◆ **ACTIVITY**: Your answer should be only the lines below from the one with "JR番田駅改札口写真画像" to the one with "249 E 48th St", repeated exactly, ends included.

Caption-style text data
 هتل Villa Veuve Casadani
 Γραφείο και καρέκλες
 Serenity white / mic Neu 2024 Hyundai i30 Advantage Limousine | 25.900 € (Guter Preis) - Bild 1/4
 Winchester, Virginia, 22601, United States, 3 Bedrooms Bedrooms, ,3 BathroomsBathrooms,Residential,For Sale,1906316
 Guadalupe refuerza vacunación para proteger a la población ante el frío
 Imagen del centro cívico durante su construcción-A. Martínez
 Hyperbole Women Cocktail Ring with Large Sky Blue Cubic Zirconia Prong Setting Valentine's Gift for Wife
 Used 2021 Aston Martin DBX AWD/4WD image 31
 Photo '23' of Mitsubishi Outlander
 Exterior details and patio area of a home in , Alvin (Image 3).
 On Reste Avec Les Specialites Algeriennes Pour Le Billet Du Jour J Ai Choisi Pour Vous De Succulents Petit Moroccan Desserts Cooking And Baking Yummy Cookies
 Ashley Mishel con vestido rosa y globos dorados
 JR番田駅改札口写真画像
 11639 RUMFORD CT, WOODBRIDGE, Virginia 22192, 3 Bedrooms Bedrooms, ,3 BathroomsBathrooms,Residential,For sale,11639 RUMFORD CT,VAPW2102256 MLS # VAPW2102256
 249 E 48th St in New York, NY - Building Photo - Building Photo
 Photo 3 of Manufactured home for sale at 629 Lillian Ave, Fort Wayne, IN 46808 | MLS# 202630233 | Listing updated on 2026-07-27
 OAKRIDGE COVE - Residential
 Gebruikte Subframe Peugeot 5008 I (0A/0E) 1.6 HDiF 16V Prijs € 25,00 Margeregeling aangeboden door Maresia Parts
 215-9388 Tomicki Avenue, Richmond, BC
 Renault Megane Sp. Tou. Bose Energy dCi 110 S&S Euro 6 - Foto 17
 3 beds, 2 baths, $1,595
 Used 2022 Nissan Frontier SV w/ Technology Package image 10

◆ **EXPECTED ANSWER**:
 JR番田駅改札口写真画像
 11639 RUMFORD CT, WOODBRIDGE, Virginia 22192, 3 Bedrooms Bedrooms, ,3 BathroomsBathrooms,Residential,For sale,11639 RUMFORD CT,VAPW2102256 MLS # VAPW2102256
 249 E 48th St in New York, NY - Building Photo - Building Photo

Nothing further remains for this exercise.